Work task >> Everything from the line holding "62/28-2RS Deep Groove" to the end of the listing below should be copied exactly, line for line, minus the pictures.

Supplied material >>

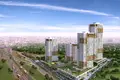 Appartement 2 chambres 41 m² Région de Marmara, Turquie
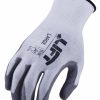 Ppe & Work Wear * | Lift Safety Staryarn Polyurethane Gloves Exclusive Design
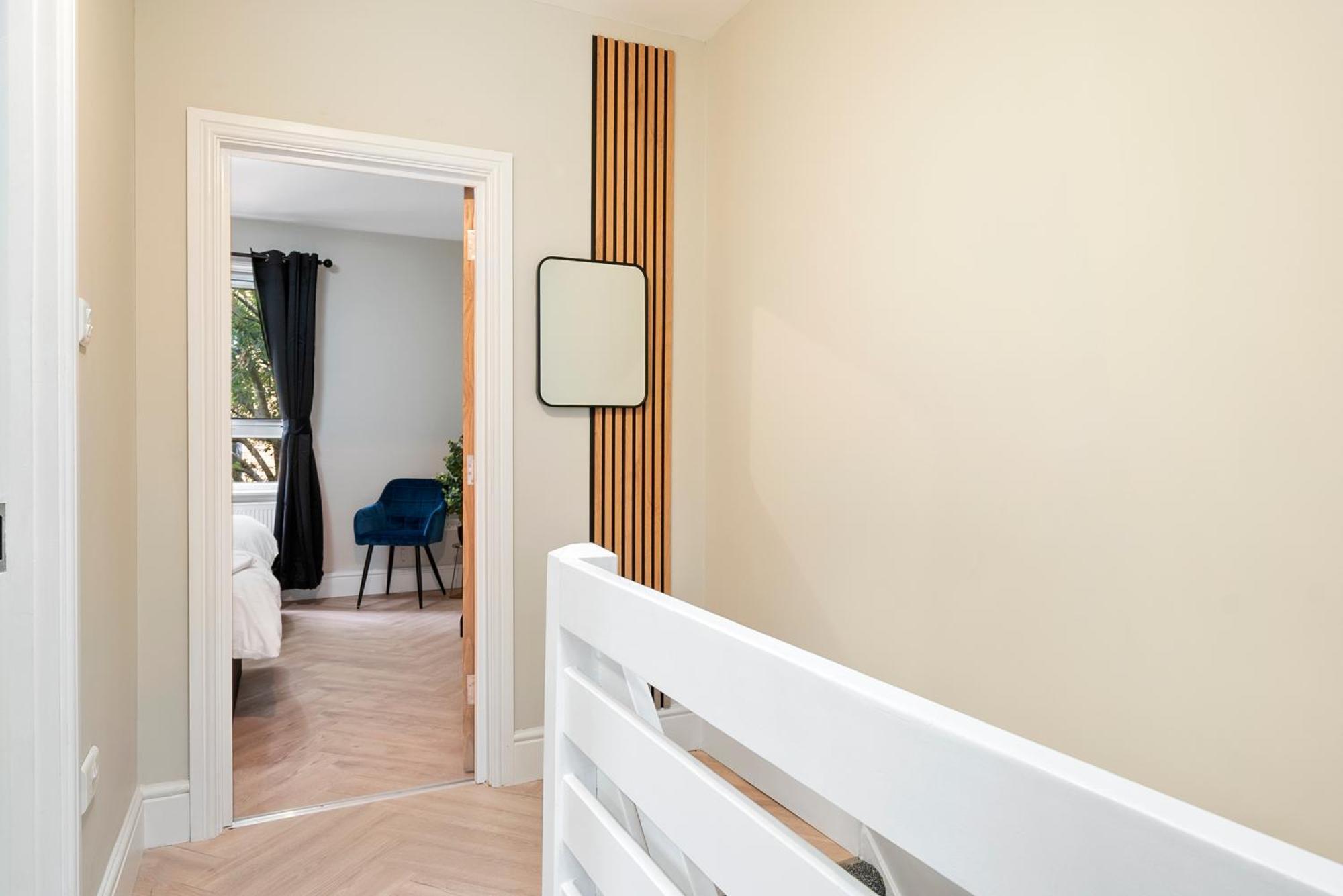 Appartement Zone 2 Stylish 3 Bedroom Long Special Prices Free Parking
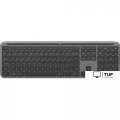 Клавиатура Logitech Signature Slim K950 920-012434 (графитовый, нет кириллицы)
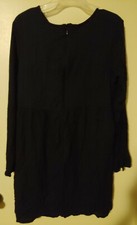 #656 Old Navy Dress Large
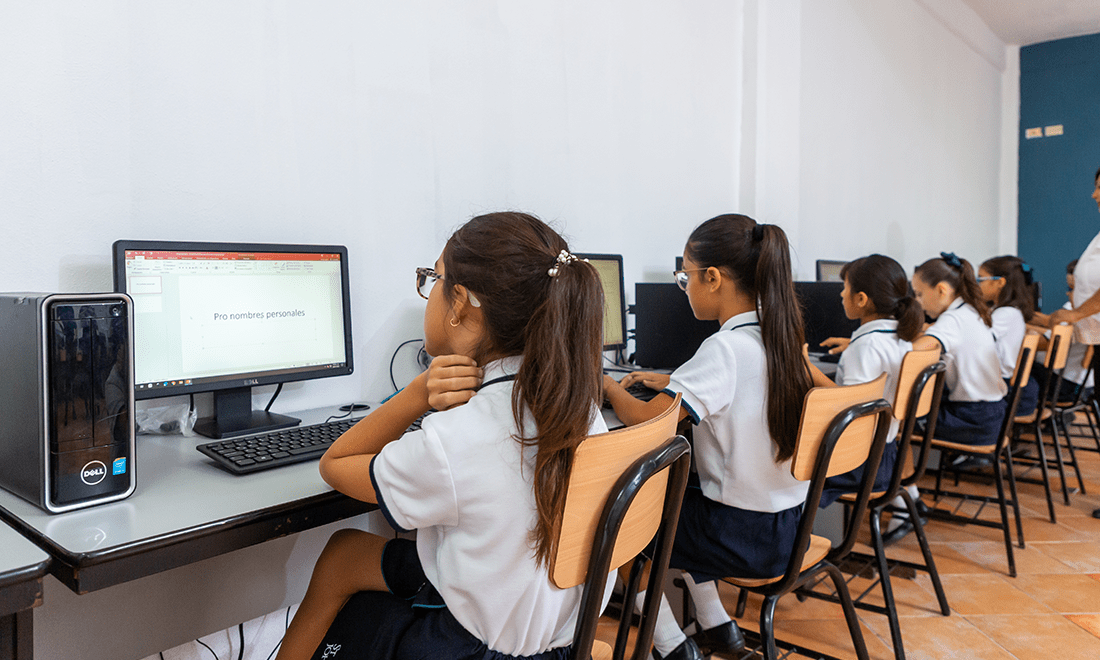 Importancia de las clases de cómputo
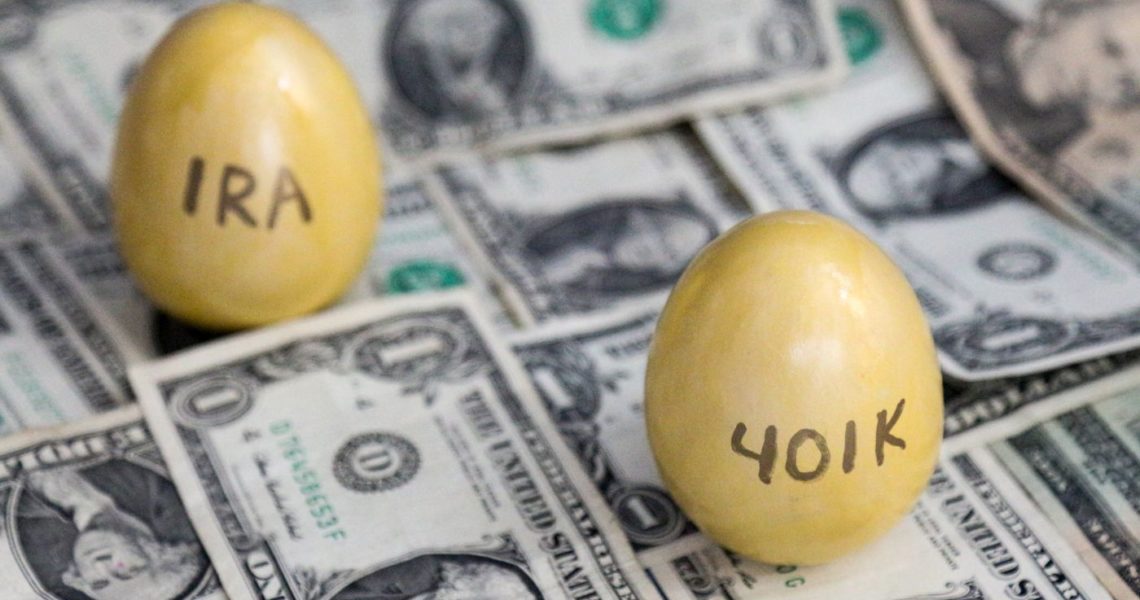 Converting 401k to Gold IRA: A Strategic Financial Move
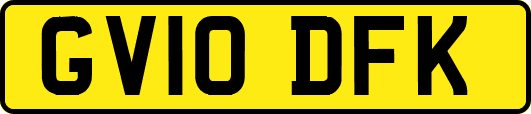 GV10DFK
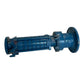 Sterling SIHI CEHB1206AF1AV1A4L Seitenkanalpumpe Kreiselpumpe Industrie Einsatz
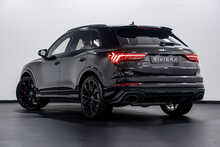 Audi RS Q3 TFSI Audi Sport Edition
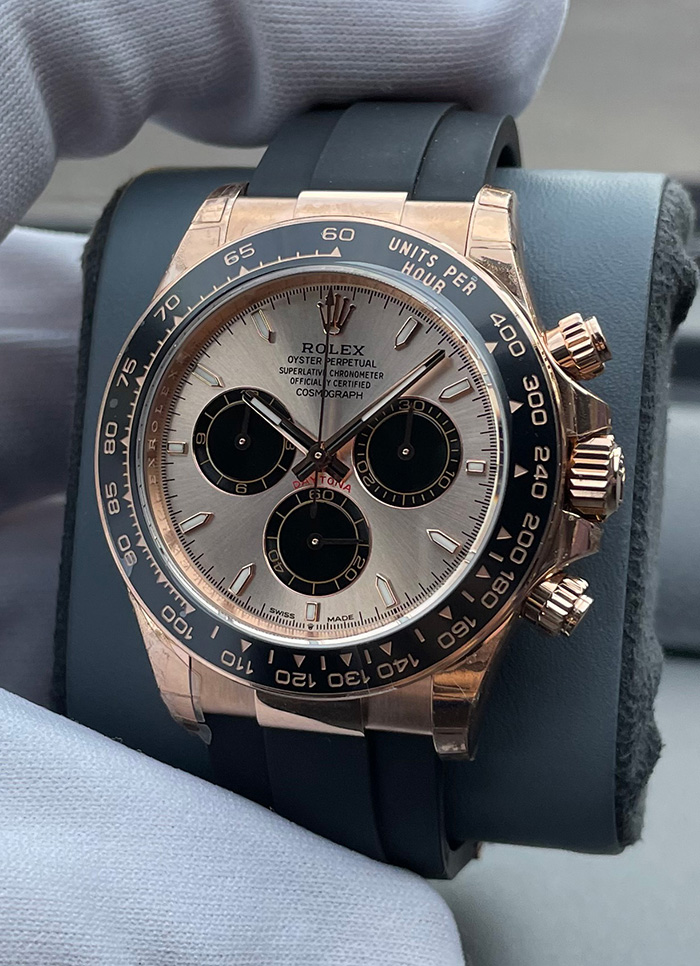 ROLEX DAYTONA 126515 BT DD4131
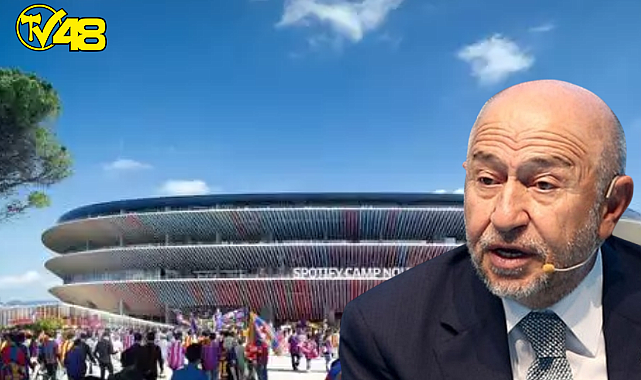 Limak İnşaat ve Barcelona Anlaştı!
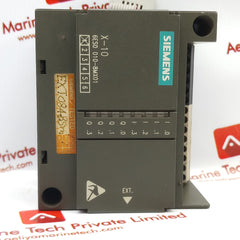 Siemens 6Es0 010-8Mx01 Module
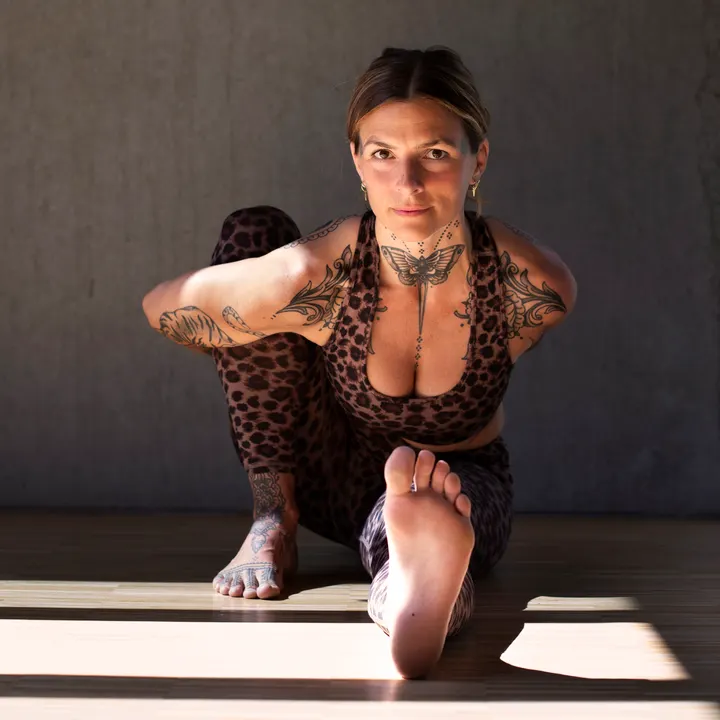 Roots Studios Altona — yoga-studio in Ottensen, Hamburg — 3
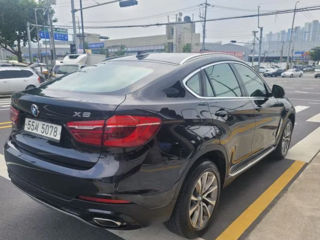 BMW X6 foto 3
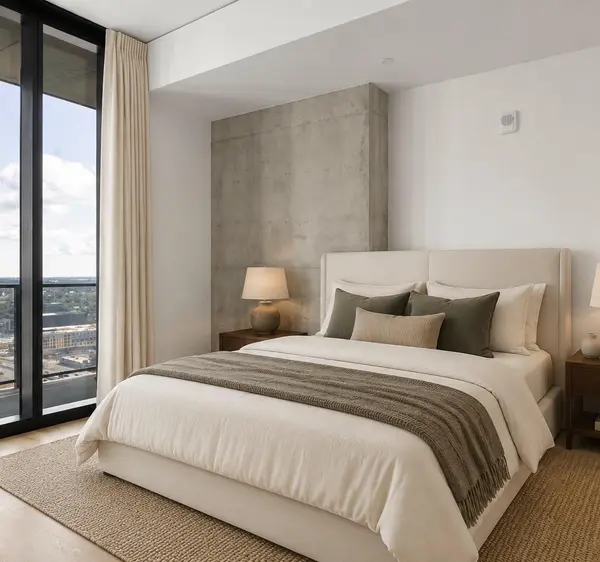 610 Davis ST #2408, Austin, TX 78701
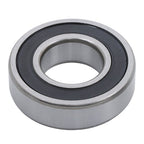 62/28-2RS Deep Groove Ball Bearings 4 Pcs 28mmx58mmx16mm Double Rubber Sealed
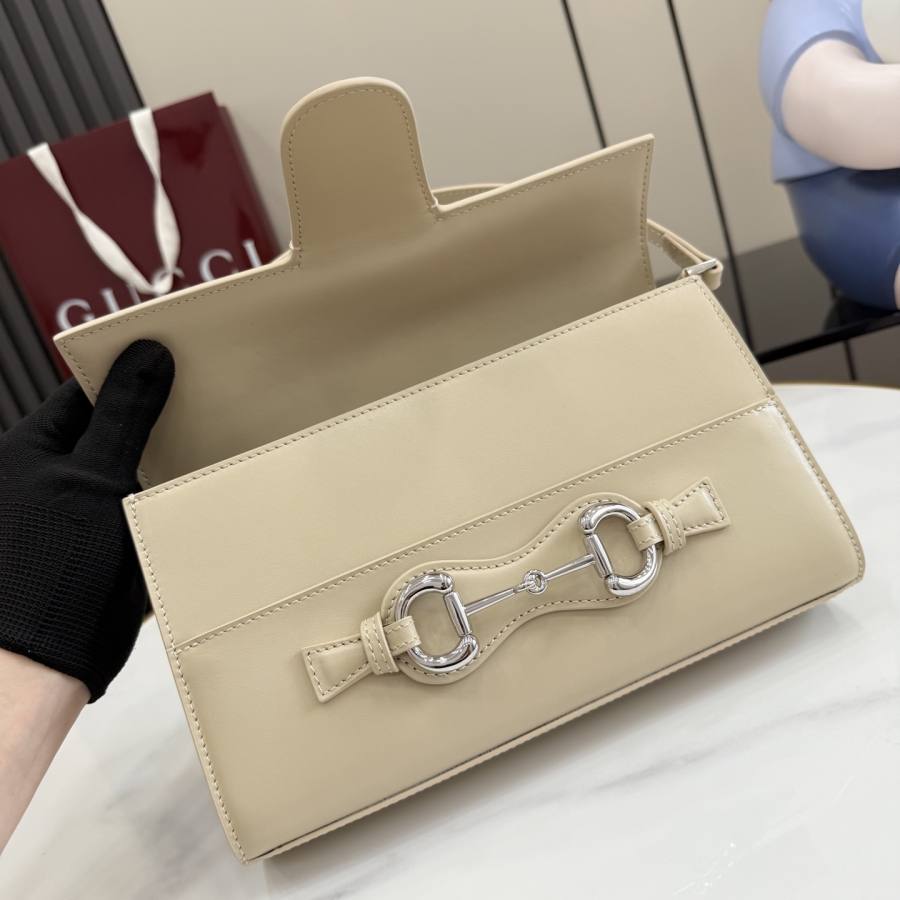RP 3349000 Gucci Horsebit Ristretto DCF1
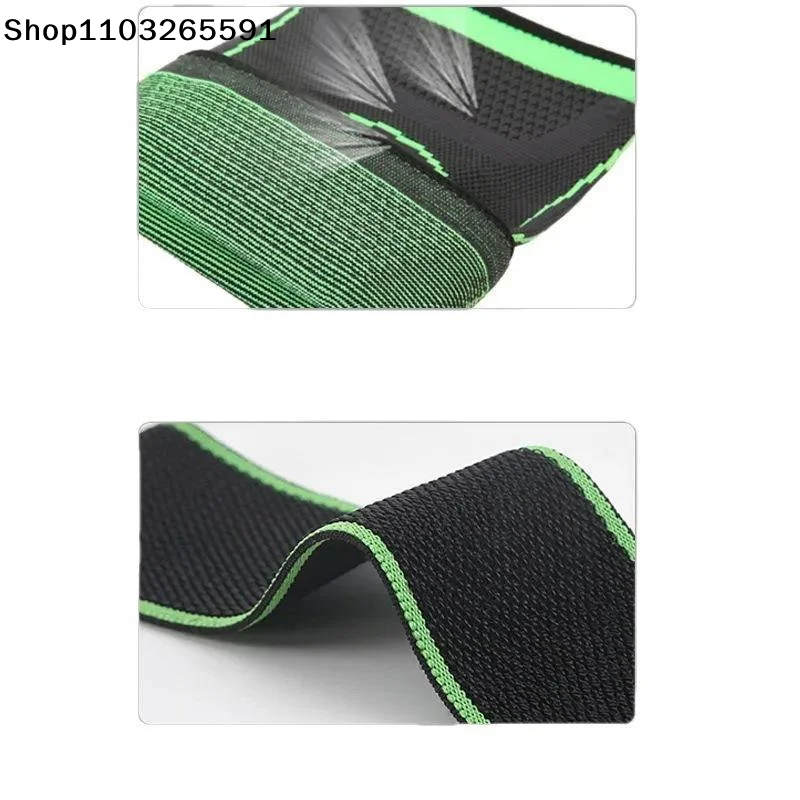 1Pc Elbow Support Elastic Gym Fitness Nylon Protective Pad Absorb Sweat Sports Safety Basketball Arm Sleeve Elbow Brace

Solution to this task >>
 62/28-2RS Deep Groove Ball Bearings 4 Pcs 28mmx58mmx16mm Double Rubber Sealed
RP 3349000 Gucci Horsebit Ristretto DCF1
 1Pc Elbow Support Elastic Gym Fitness Nylon Protective Pad Absorb Sweat Sports Safety Basketball Arm Sleeve Elbow Brace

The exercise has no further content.